To better understand this issue, researchers can reverse this logic: instead of using the distance to calculate the Hubble constant, they can use different versions of the Hubble constant to predict how far away a specific object should be. Scolnic compares the values of the Hubble Constant and predicts the distance from Earth to the nearby Coma galaxy clusters based on different versions of the constant. Other scientists had been hoping to find a way to measure the distance to the nearby Coma cluster in order to obtain a more comprehensive testing ground for the Hubble constant. “We realized [we] knew a way to measure the distance to the Coma cluster, and if we combined it with [data from other collaborations], then [we] could have kind of one of the best measurements of the expansion of the universe,” Scolnic said.

 While a large team at the Dark Energy Spectroscopic Instrument (DESI) collected extensive distance data to use in Hubble constant calculations by studying the structure of early galaxies, Scolnic’s team applied an even broader approach. In addition to DESI data, the team focused on measuring distances to nearby objects, providing a more comprehensive measurement. These methods of finding the Hubble constant predict that the Coma cluster is 98.5 megaparsecs away—equivalent to about 321 million light-years.

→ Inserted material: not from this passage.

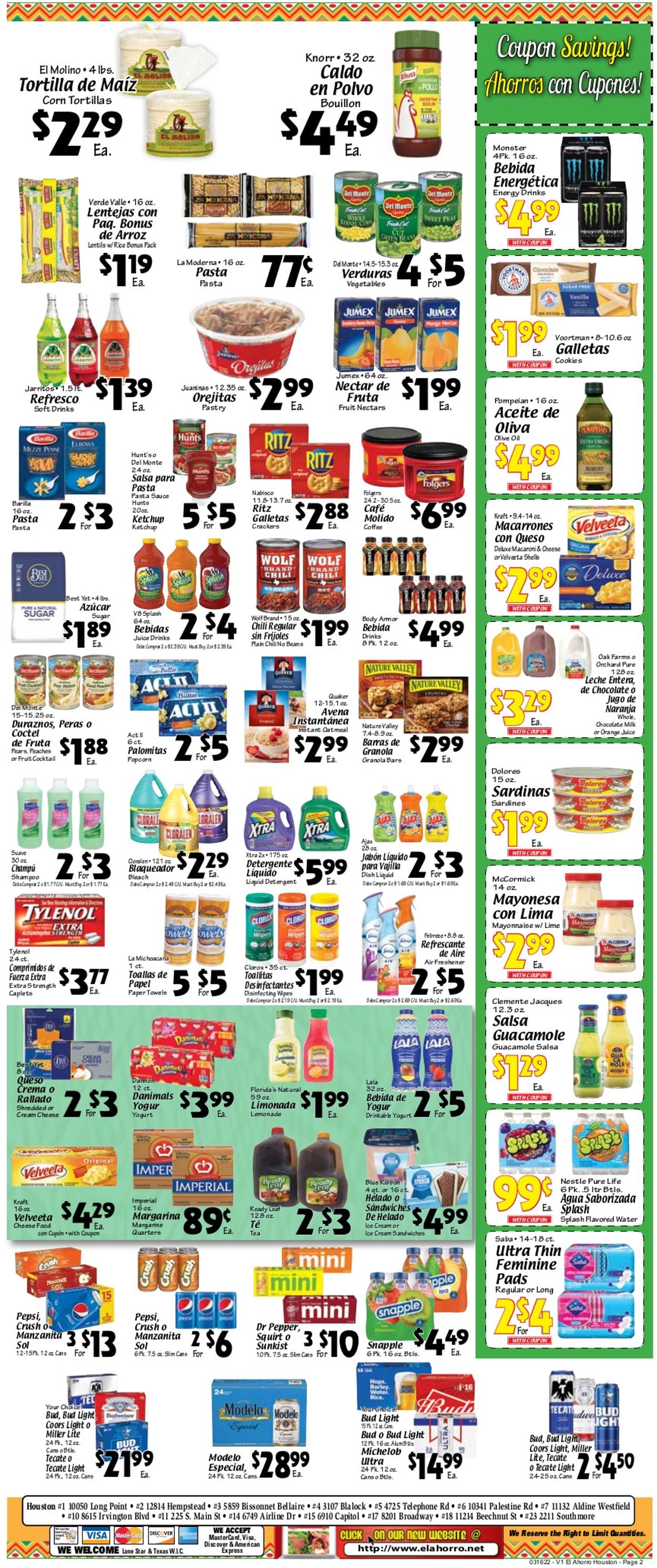 El Ahorro Supermarket Weekly Ad Circular - valid 03/16-03/22/2022 (Page 2)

Meanwhile, at the edge of how far back we can look at our universe is a wall of incredibly even radiation from when the universe was hot, small, uniformly distributed, and opaque. Before then, the universe was so dense that light could not travel further than the size of an atom. This cosmic microwave background, the first light we can see from the early universe, is used alongside the Lambda-CDM model, our best current cosmological model of the universe’s evolution, to arrive at a Hubble constant value that predicts the distance to Coma to be 111.8 megaparsecs. However, other measurements from the James Webb Telescope and the Hubble Telescope all claim the distance to Coma must be under one hundred megaparsecs. Even more telling, the discrepancies are extremely unlikely to be explained by randomness. In other words, our best model of cosmology has room for improvement.

These sorts of cracks in a model stimulate flurries of excitement among cosmologists. For a field studying how our universe grew, cosmology involves a substantial devotion to the refinement of simple physical models. “There’s very much a sense that the universe is kind of simple and explainable, and if you add too many ingredients, you lose sight of that,” Scolnic said. While astrophysicists require rigorous data analysis, precise instruments, and strict statistical models, they also have a desire for elegance. Elegance guides the belief that there is a continuous narrative, spoken by math and matter, from 13.8 billion years ago to now.

Within the flaws of our current cosmological model, new ideas are being tested by other scientists. Behind the Hubble constant and universal expansion are dark energy and dark matter,  the difficult-to-detect majority of matter and energy in our universe according to cosmologists’ best calculations. “People are part of the five percent of matter, and we have eyes and ears, and […] all this complexity. But what we assume for dark energy which makes up seventy percent is, it’s precisely one exact thing, and that’s it,” Scolnic said. Our ignorance about the nature of dark matter and dark energy means that there could be a variety of complex phenomena at play behind the scenes. With more research, new opportunities to understand these fundamental components of the cosmos may emerge.

The expansion rate dictated by the Hubble constant is key to constructing a cohesive narrative of the universe. Thanks to new findings and ever more precise measurements, we know there might be new characters in the story.